Le submersible a été conçu par des experts chinois, précise Liu Feng, directeur adjoint de la Comra (China Ocean Mineral Resources Research and Development Association), l’organisme en charge du projet.

La sphère habitée en titane a toutefois été importée de Russie, et d’autres équipements proviennent des Etats-Unis, pionniers dans ce domaine, puisque le submersible américain Alvin est né en... 1964.

La Chine envisage depuis mars 2016 de construire une « station spatiale » océanique, c’est-à-dire une véritable cité habitée de chercheurs, flottant à moins de 3000 mètres sous la surface, un projet assez similaire à la « Cité des Mériens » imaginée par l’océanographe-architecte français Jacques Rougerie.

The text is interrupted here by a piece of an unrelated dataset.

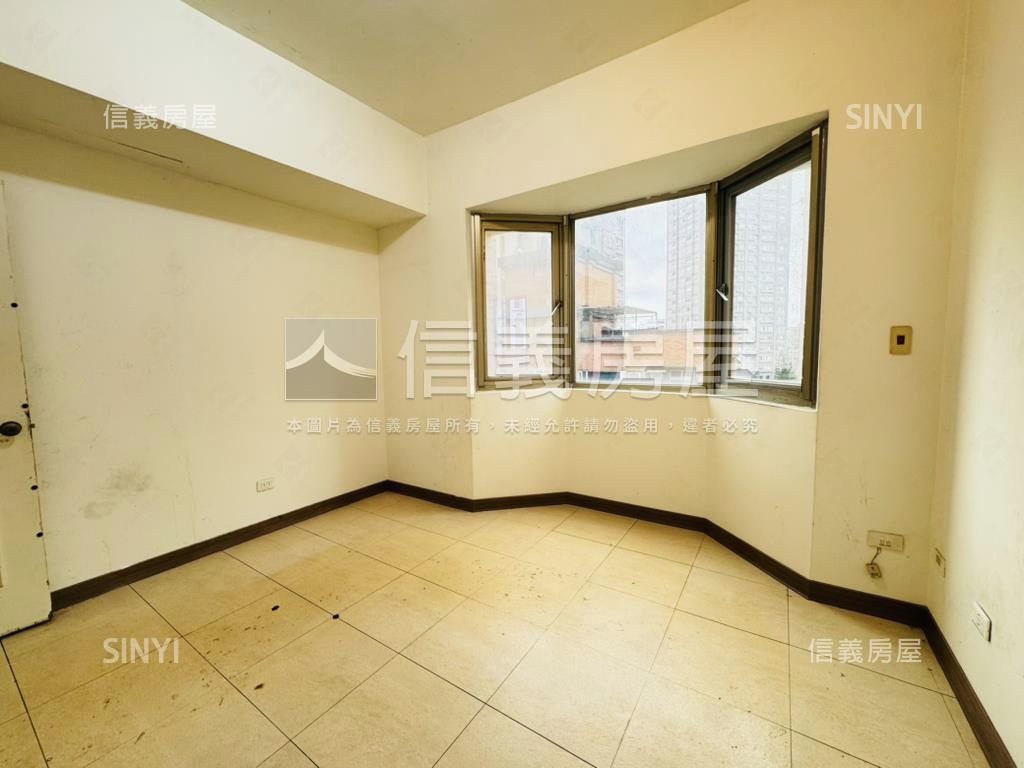 大湖春天電梯３房房屋室內格局與周邊環境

Comme toutes les autres grandes puissances qui pensent à long terme, la Chine prend très au sérieux les ressources maritimes et minérales sous-marines, dont l’exploitation, d’ici vingt ou trente ans, pourrait prendre le relais des réserves terrestres en voie d’épuisement.

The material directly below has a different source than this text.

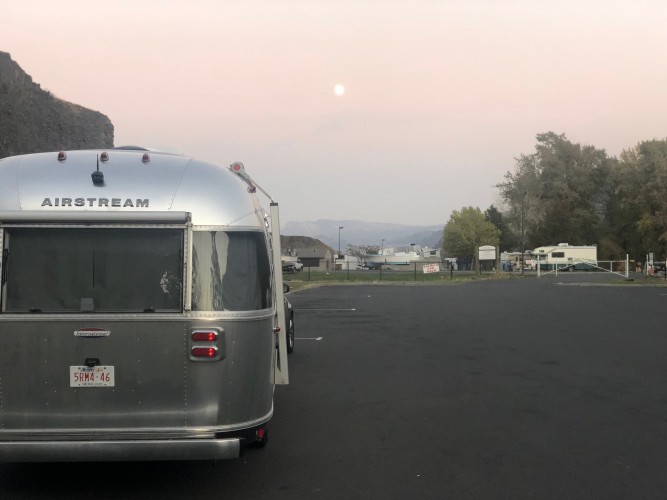 serene trailer with a hammock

Cette photo, prise le 20 septembre 2017, montre que la Chine achève la construction d’un navire relais pour l’exploitation minière océanique. Long de 227 mètres, le bateau, capable de stocker 40000 tonnes de minerais, fera travailler ses robots à moins 2500 mètres sous la surface de l’eau.

Une première poussée de fièvre, dans les années 1970, avait conduit plusieurs pays occidentaux, dont la France, à mener des recherches autour des nodules de manganèse. L’opportunité d’exploiter à l’avenir ces ressources ne peut être ignorée : les sulfures hydrothermaux contiennent des concentrations de minerais que l’on estime bien plus élevées que sur terre, tant sur des métaux dits de base (zinc, cuivre, cobalt, manganèse, baryum, or, argent) que sur les métaux dits « critiques », c’est-à-dire avec un potentiel technologique élevé (indium, germanium, cadmium, antimoine, mercure, sélénium, molybdène, bismuth).

Notez que nos ordinateurs, smartphones, tablettes électroniques, éoliennes et autres panneaux photovoltaïques regorgent de ces minerais rares présents en mer. Et avec la deuxième plus grande Zone économique exclusive (ZEE) du monde, notre pays dispose, à condition de s’y engager, de 18 % des terres rares.

Il est certain qu’en plantant un drapeau au fond de la mer de Chine méridionale, le Jiaolong a provoqué la panique à Washington et à Londres. Ce qui leur fait peur, ce ne sont pas tant les revendications territoriales chinoises que son ambition de devenir une grande puissance maritime.

En effet, de nouvelles études historiques tendent à prouver que la géopolitique classique a tout faux : ce n’est pas celui qui commande les plus grandes masses terrestres qui s’impose, mais plutôt la puissance maritime qui se met en position de garantir les siennes.